Now, finally, at cock’s crow,
released in custody of sleep,
dark annealment, time-worn stones
far descending,
no light there, no sound there,
entering depths of thinning breath,
farther down more ancient stones,
halting not, drawn on until

Ever treacherous, ever fair,
at a table small and square,
not first light but last light shows
(meaning of the single rose
where I dined au solitaire
sous l’ombre d’une jeunesse perdue?)

A ghostly little customs-clerk
(“Vos documents, Mesdames, Messieurs?”)
whose somehow tender mockery
contrives to make admittance here
at this mineral frontier
a definition of the pure…

Androgyne, mon amour.

Tennessee Williams

what I regard as evil

September 16, 2017

I have a distinct moralist attitude. I wouldn’t say message. I’m not polemical, but I have a distinct attitude toward good and evil in life and people. I think any of my plays examined closely will indicate what I regard as evil. I think I regard hypocrisy and mendacity as almost the cardinal sins. It seems they are the ones to which I am most hostile. I think that deliberate, conscienceless mendacity, the acceptance of falsehood and hypocrisy, is the most dangerous of all sins.

Tennessee Williams
Conversations with Tennessee Williams
Edited by Albert J Devlin

dies a thousand deaths

September 15, 2017

I believe that the way to write a good play is to convince yourself that it is easy to do – then go ahead and do it with ease.
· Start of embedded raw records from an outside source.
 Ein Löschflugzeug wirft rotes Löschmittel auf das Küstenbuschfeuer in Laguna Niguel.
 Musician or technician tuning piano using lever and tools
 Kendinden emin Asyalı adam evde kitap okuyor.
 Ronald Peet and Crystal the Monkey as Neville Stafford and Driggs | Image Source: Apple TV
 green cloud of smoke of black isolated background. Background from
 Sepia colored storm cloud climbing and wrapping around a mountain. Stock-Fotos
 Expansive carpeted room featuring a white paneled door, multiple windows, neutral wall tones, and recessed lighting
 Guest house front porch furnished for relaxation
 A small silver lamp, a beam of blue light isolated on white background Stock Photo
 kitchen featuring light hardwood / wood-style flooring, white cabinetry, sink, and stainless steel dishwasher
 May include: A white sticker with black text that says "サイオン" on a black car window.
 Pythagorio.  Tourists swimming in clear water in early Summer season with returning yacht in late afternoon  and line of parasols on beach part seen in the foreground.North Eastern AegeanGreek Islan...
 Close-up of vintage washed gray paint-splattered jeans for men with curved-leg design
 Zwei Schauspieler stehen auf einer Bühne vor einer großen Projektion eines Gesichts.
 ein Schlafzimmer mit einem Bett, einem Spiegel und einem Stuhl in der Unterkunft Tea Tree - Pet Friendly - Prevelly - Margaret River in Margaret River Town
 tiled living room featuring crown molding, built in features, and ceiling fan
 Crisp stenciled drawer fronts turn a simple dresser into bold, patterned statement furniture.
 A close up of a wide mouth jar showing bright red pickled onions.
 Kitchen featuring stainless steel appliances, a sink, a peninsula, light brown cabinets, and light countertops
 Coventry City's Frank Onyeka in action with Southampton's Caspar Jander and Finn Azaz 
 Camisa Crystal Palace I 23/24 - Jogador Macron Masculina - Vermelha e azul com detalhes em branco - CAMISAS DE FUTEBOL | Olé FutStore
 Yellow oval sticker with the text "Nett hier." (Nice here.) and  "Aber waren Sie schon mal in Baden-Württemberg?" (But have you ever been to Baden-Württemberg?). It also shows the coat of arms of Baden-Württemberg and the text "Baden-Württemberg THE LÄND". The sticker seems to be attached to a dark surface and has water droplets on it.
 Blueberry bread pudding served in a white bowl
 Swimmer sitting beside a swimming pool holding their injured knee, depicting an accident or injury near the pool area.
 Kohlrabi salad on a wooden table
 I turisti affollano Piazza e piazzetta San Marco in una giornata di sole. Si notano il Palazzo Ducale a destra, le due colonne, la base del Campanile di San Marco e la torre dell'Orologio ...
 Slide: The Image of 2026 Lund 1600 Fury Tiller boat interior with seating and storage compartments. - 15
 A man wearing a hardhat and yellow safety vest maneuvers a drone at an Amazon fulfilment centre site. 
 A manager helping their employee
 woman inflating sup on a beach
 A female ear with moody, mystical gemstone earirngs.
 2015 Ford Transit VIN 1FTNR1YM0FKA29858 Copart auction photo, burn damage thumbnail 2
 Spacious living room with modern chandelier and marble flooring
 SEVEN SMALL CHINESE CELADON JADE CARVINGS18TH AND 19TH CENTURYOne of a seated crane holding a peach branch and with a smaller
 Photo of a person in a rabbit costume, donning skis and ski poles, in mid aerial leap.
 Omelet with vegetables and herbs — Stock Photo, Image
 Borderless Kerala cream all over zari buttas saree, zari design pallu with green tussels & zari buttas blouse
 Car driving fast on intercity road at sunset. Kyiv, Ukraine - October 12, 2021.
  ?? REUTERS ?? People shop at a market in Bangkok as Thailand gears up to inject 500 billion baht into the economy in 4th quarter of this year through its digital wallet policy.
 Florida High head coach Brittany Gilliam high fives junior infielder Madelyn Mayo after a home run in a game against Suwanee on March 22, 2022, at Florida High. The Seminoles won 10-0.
Don’t maul, don’t suffer, don’t groan – til the first draft is finished.

Then Calvary – but not til then.

Doubt and be lost until the first draft is finished

A play is a Phoenix – it dies a thousand deaths.

Usually at night – In the morning it springs up again from the ashes and crows like a happy rooster.

It is never as bad as you think.

It is never as good as you think.

It is somewhere in between and success or failure depends on which end of your emotional gamut concerning its value it actually approaches most closely. But it is much more likely to be good if you think it is wonderful while you are writing the first draft.

An artist must believe in himself…our belief is contagious. Others say – He is vain – but they are affected.

I have never had much of that faith – I have been a little too honest with myself and people.